Page 1 of 3

10745 - Dominant Strings

Posted: Sun Oct 17, 2004 12:53 pm
by BiK
Hello,

We tried solving the problem by reading the strings one after the other and maintaining a list of the currently nondominated strings. When a new string is read, the list is scanned and every member of the list that is dominated by the new string is removed from the list. If some of the strings in the list dominates the new one the scan stops and we read the next string. At the end of the scan, if none of the strings in the list dominates the new string, it is added to the list. However, this solution timed out. Could some of you post an idea for a faster solution and running time analysis if possible?

Greetings

Posted: Sun Oct 17, 2004 1:59 pm
by marian
Hint: There are fewer strings one given string can dominate than total number of strings.

Posted: Sun Oct 17, 2004 3:15 pm
by ..
I solve it in this way:
Read all the string.
Sort the strings in some way such that if string B < string A, string B never dominates string A.
Then check for all pair (string B, string A) if string A dominates string B.

Posted: Sun Oct 17, 2004 4:13 pm
by BiK
Hi,

.. : 10x, this is beutiful. And of course you have to look at all adjacent pairs, otherwsie you'll time out.

marian: I still don't get your hint.

Posted: Sun Oct 17, 2004 5:24 pm
by marian
..: Aren't you checking O(n^2) pairs in the worst case (ie. no dominating strings)? Unless I didn't get your algorithm.

BiK: I was just saying that one string of length K can dominate at most 2^K-2 strings. Since K<=10, one string can dominate at most 1022 strings. So it's cheaper to generate all possible strings, given string can dominate and check if it is one of the given strings. If so, flag that string as non-dominating.

I used trie to represent input strings, and used recursive procedure to generate all dominated strings. So the complexity is O(N*2^K), which is better that O(N^2), because 2^K < N, in the worst case.

Posted: Sun Oct 17, 2004 5:32 pm
by ..
marian wrote:..: Aren't you checking O(n^2) pairs in the worst case (ie. no dominating strings)? Unless I didn't get your algorithm.
Yes, but enough to get AC :wink:
marian wrote: I used trie to represent input strings, and used recursive procedure to generate all dominated strings.

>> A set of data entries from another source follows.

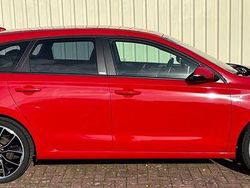 Rot Gebraucht 2020 Hyundai i30 Trend Kombi | 15.490 € (Fairer Preis)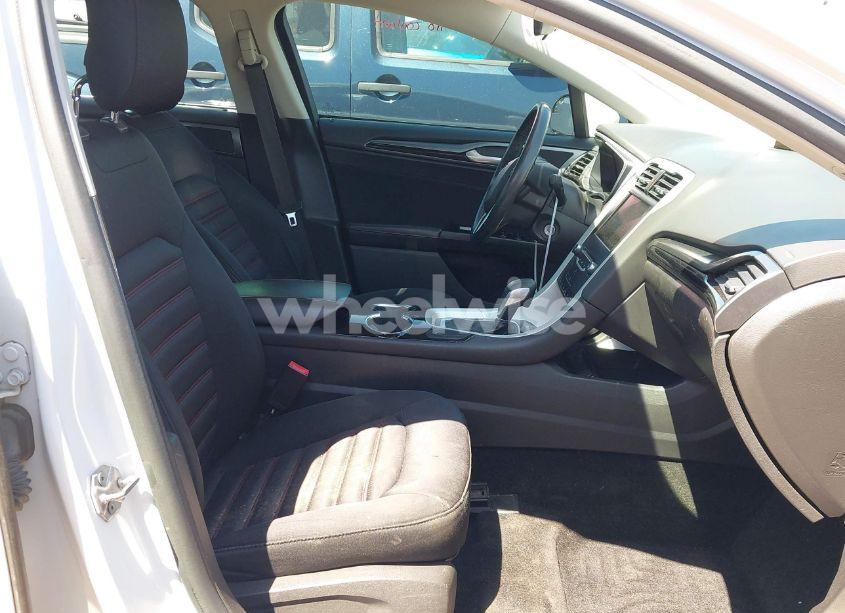 Photo 5 of 2014 Ford Fusion SE (VIN 1FA6P0HD6E5390583)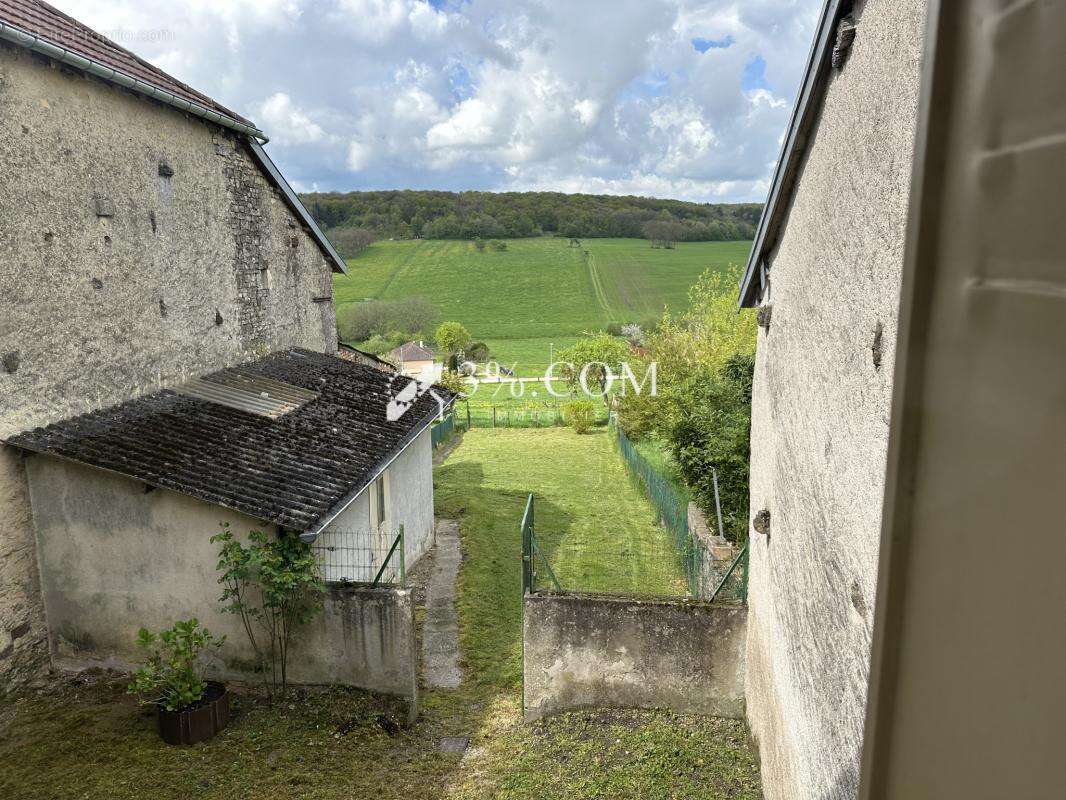 Maison à PAREY-SOUS-MONTFORT
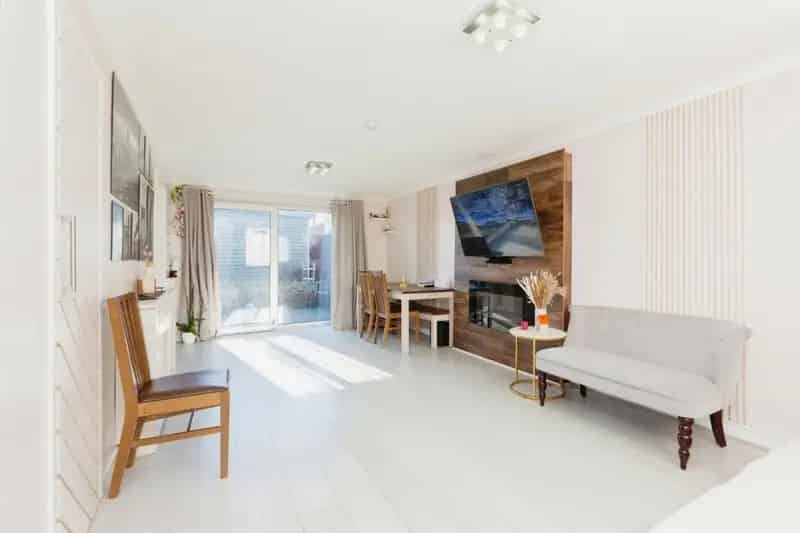 End of Terrace Family Home Rivers Development 3 Beds Parking Garden Workshop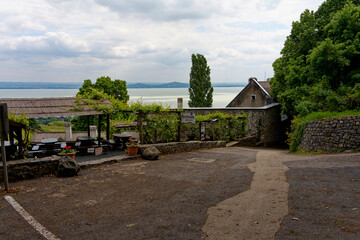  Landschaft am Berg Badacsony, einen Tafelberg, vulkanischen Ursprungs, im Nationalpark Balaton-Oberland, zwischen den Orten Badacsonytomaj und Badacsony, Balaton, Ungarn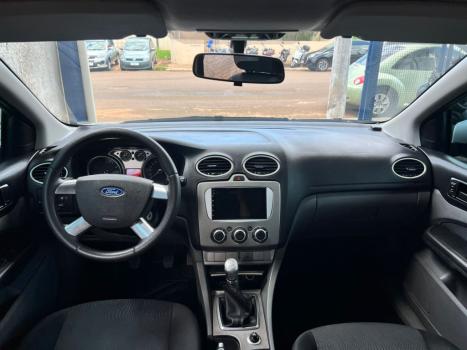 FORD Focus Hatch 1.6 4P, Foto 7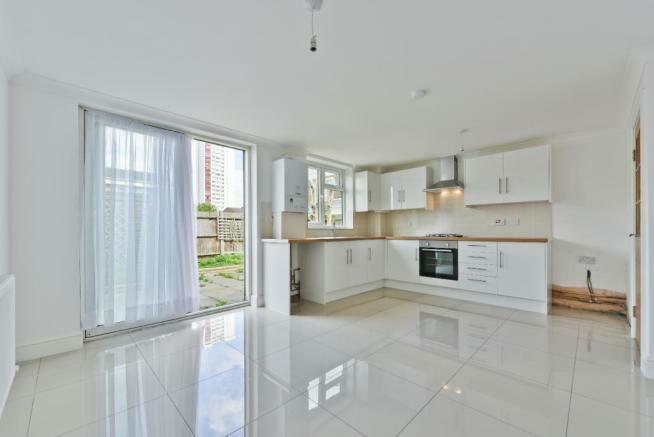 3 bed house to rent in Raglan Road, London  - Property Image 2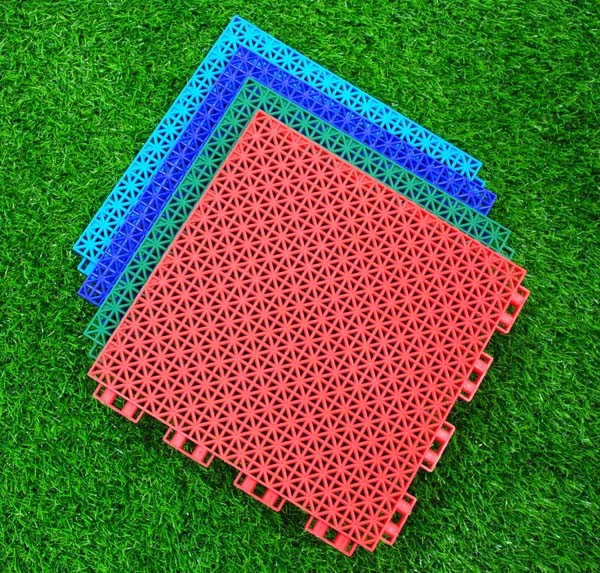 室外篮球场悬浮地板 排球场悬浮地胶供应 羽毛球场拼接运动地板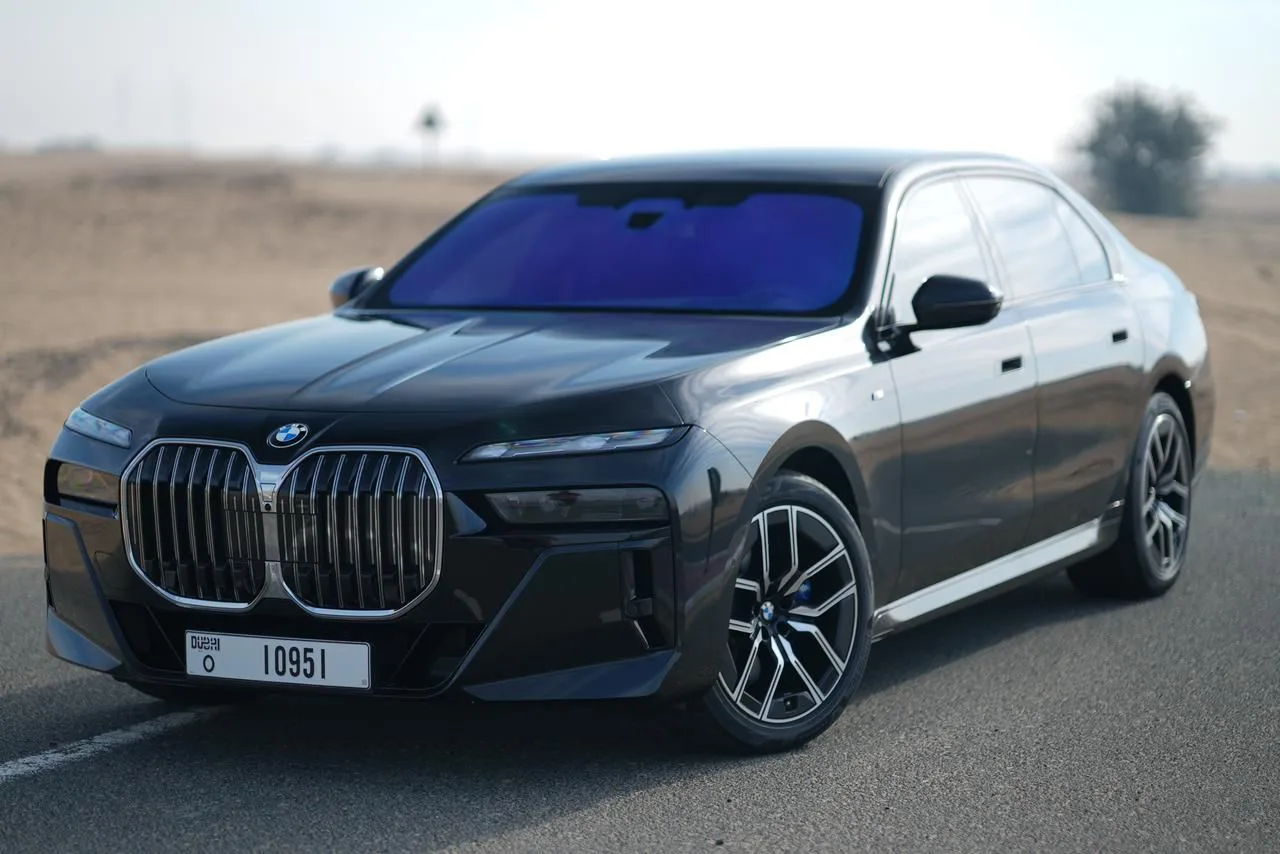 Rent Bmw Series 7 BLACK 2023 in Dubai , UAE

So the complexity is O(N*2^K), which is better that O(N^2), because 2^K < N, in the worst case.
Your alogrithm is much more interesting than mine.
But how can you check if the generated string is in the input quickly?
There are totally (N*2^K) generated string, are you generate all these strings and then sort them for checking?~

Posted: Sun Oct 17, 2004 7:26 pm
by BiK
marian: Thanks for your explanation. As far as I understand, you look at the strings as multisets of characters. And in your trie you do not distinguish between strings that give rise to the same multiset. Is that correct? For example you can sort the string lexicographically. And for a given multiset you keep the indeces of the input strings that produce the given multiset. So I assume that given an input string you generate the multisets dominated by that input string and mark them in the trie as non-dominating. And at the end you traverse your trie to find the multisets that are dominating. This is how I imagine your algorithm working. Am I correct?

..: I tried your approach and it timed out. If you got accepted, I think that it is exceptional and this is not the idea of the solution. Do you use pure C? I'm currios how you managed to get under the time limit with an O(N^2) solution.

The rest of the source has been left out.